See? I made it. As promised. On time. Even with a little plus; this ridiculous blue scarf. So, why don't you just congratulate me? 











Hari ke 18 dan aku masih belum benar-benar bisa merangkai kalimat perpisahan, obituary, atau apalah namanya. Sama sekali nggak bisa. Ada teramat sangat banyak hal yang harus kita bicarakan. Ada teramat sangat banyak hal yang harus kita selesaikan. Tapi kau malah main pergi begitu saja. Lalu aku harus bagaimana? 

Tidak ada yang benar-benar tahu bagaimana kita. Sekarang aku paham kenapa kau tidak mau dipanggil bos. Karena memang bukan. Kau lebih seperti ayah sekaligus teman sekaligus kakak. We were a good team, right? Segala kepercayaan yang kau berikan padaku, keleluasaan lenganmu dalam merengkuhku dan memberikan kebebasan yang sesungguhnya. Kebebebasan untukku bercerita apapun, mengeluhkan apapun, bertanya apapun, dan bahkan mengomentari apapun. Selalu terasa aman dan nyaman bercerita padamu. Mengingatkanku untuk menjadi diriku sendiri. Segalanya benar-benar menyenangkan sebelum perselisihan kita yang terakhir. Dan benar-benar menjadi yang terakhir ya ternyata. Satu hal yang masih sangat kusesali sampai detik ini. Hanya karena kebodohanmu dan kutanggapi dengan sikap kekanakanku membuat kita tidak lagi saling bicara. Lama sekali, kau tahu. Terakhir kita saling bicara adalah saat pamerannya anak-anak Surakarya. Itu juga cuma saling sapa dan basa-basi dikit. Aku juga tidak mengerti kenapa bisa tahan tidak bicara denganmu sampai selama itu. Padahal kau sudah mencoba untuk mengembalikan situasi tapi mungkin memang aku yang terlalu kekanakan. Bahkan aku tidak maaf-maafan denganmu saat idul fitri kemarin.

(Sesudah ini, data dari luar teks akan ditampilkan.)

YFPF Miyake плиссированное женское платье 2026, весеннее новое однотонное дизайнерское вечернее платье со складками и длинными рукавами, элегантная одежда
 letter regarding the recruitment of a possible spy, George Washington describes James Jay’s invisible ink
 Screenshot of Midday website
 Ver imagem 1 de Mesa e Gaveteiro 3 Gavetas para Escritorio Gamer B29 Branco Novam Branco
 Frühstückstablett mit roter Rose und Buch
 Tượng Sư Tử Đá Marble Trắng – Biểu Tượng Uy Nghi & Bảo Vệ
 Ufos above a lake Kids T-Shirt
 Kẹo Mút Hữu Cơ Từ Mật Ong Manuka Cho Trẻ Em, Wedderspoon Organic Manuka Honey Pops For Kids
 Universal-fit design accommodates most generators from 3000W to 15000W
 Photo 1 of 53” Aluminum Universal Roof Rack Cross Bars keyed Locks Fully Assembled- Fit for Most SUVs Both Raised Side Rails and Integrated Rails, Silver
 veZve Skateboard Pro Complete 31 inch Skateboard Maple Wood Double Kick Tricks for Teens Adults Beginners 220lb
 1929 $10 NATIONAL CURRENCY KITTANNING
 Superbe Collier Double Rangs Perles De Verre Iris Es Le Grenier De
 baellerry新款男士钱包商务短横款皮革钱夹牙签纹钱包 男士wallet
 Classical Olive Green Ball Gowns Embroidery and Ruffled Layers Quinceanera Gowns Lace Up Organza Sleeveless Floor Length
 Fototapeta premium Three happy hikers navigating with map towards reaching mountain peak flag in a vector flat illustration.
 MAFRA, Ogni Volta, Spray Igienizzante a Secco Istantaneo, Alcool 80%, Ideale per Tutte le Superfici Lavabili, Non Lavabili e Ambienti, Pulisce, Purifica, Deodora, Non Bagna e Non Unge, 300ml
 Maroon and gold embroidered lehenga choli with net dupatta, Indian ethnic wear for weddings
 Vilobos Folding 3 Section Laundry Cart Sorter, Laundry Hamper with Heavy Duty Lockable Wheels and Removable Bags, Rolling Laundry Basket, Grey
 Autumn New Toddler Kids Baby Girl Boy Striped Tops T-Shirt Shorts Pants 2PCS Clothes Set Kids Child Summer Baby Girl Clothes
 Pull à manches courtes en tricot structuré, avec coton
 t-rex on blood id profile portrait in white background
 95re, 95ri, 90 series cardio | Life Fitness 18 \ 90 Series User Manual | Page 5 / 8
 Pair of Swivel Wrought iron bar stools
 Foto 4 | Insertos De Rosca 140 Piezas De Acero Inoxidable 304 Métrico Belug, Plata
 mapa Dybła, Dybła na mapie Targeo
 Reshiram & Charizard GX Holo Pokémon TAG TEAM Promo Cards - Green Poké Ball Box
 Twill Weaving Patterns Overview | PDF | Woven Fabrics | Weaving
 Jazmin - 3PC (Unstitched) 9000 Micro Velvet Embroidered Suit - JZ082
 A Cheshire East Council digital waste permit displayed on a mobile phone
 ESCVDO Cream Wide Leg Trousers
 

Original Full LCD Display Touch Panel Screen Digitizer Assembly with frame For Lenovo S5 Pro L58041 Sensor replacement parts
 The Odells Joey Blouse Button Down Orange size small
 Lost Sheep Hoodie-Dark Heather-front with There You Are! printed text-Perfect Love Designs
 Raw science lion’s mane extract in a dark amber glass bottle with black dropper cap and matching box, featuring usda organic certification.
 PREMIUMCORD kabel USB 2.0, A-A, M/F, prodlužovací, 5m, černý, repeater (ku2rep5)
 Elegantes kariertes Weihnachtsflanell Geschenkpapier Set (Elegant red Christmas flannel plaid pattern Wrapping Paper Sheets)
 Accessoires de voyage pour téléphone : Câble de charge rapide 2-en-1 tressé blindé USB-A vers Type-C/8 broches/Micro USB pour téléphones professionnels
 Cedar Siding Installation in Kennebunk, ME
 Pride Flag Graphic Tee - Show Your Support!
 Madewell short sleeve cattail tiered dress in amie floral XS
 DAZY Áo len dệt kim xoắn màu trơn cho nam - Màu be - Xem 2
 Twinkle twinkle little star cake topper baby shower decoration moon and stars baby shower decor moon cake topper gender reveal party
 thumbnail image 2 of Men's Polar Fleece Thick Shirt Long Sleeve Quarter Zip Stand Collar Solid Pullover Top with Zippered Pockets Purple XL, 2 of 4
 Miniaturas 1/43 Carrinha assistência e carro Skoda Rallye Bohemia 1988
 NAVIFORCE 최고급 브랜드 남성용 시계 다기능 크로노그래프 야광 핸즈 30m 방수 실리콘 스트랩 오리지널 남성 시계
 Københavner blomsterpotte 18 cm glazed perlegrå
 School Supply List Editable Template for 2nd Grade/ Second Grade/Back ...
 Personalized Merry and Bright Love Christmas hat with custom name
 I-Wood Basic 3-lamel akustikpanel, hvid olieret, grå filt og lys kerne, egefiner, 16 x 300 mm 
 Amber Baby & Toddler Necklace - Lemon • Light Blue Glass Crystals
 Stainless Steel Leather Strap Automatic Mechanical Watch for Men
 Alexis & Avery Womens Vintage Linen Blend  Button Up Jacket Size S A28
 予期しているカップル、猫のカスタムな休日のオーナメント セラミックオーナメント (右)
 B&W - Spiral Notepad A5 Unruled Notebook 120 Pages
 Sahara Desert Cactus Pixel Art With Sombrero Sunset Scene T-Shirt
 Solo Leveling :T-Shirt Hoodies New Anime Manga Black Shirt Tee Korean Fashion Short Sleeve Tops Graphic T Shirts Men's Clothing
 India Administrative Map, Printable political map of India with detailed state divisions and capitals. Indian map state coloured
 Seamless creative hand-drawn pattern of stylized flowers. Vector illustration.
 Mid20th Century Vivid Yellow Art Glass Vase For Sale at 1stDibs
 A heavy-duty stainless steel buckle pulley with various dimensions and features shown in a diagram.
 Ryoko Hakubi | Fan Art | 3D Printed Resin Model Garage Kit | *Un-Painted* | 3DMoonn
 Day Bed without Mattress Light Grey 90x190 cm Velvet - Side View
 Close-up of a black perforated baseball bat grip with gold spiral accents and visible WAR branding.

Hingga beberapa waktu lalu aku, entah bagaimana, kangen kamu dengan teramat sangat. Tapi lagi-lagi, entah karena gengsi atau malah memang bodoh, aku berkata pada diriku, "Ah, ntar aja sekalian pas di Solo. Ntar pas belcor (belmen corner) juga ketemu." Dan kemudian aku sadar itu adalah keputusan paling bodoh sepanjang masa. Karena malam berikutnya, tengah malam, telepon yang masuk ke ponselku membawa berita yang benar-benar menyebalkan. Malam itu juga kau, tanpa pamit, menghubungiku, atau apapun, tau-tau menghadapNya. Kenapa begitu egois? Lalu aku harus bagaimana? Aku harus apa saat aku kangen kamu begini? 


Menyakitkan tahu saat aku harus dipaksa menyadari bahwa kau tidak lagi bisa membalas pesanku. Bahwa kita tidak akan lagi bisa bertemu dan bercanda semeja seperti biasanya. Bahwa saat aku benar-benar merindukanmu seperti saat ini aku tidak tahu harus bagaimana.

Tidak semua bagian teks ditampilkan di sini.